Hello. good to see the forums are up. i see a couple of new things, not sure if this is just me, but i here a voice everytime i click something. lol.


----------



## shev (Jan 18, 2005)

Oh hey i figured it out, turned the volume up, thought i was going crazy. said i had a message, thought it was going to say that forever.I was wondering why it kept saying that! :roll: im stupid. apparently i had a message. read it, the voice went away :mrgreen:



Oh hey, another knew thing, the black card, I _may_ have accidentilly pressed it wondering what it was. sorry paradox! didnt know it would was a vote to ban u. :!: or something[/i]


----------



## mrmoby (Jan 18, 2005)

glad to see things back up and runnning.
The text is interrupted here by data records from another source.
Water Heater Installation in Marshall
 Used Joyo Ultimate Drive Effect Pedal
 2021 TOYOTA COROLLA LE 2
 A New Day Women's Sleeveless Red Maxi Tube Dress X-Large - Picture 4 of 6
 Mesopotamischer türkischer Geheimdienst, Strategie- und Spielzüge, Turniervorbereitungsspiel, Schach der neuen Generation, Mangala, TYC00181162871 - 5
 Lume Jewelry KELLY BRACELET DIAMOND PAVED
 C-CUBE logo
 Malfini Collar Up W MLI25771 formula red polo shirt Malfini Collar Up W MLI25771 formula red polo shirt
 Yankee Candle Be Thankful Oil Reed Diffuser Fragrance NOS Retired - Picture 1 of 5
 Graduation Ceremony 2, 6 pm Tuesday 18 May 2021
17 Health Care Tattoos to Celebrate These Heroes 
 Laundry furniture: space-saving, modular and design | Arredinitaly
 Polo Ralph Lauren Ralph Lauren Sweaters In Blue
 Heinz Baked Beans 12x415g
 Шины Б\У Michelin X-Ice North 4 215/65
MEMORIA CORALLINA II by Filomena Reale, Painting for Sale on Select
Lots of new things. Does anyone know what these fish flkes are for? I have racked up a bunch in the short time I have been on, and don't know what they are.


----------



## melonhead (Jan 18, 2005)

fish flakes? where do you see this?
LP


----------



## melonhead (Jan 18, 2005)

wow, that color is really bad...sorry.
what it says is:
where do you see fish flakes? i can't find it.
LP


----------



## SHECHO (Jan 18, 2005)

Atta boy Mark!!  
Glad to see the board up and working again


----------



## Vassili (Jan 18, 2005)

Great to see it back up and running, considering how i had only just joined before the server crash!

Vassili


----------



## hail_sniper (Jan 18, 2005)

he removed them as he didnt see it adequete the "fish flakes" that is


----------



## mrmoby (Jan 18, 2005)

The fishflakes was a number that was included in the area with your name and other stats. It was there when I reregistered, and the number of flakes increased with each page viewed. Im not sure exactly what they were for, but have read that they were't particularly useful, and already discontinued.


----------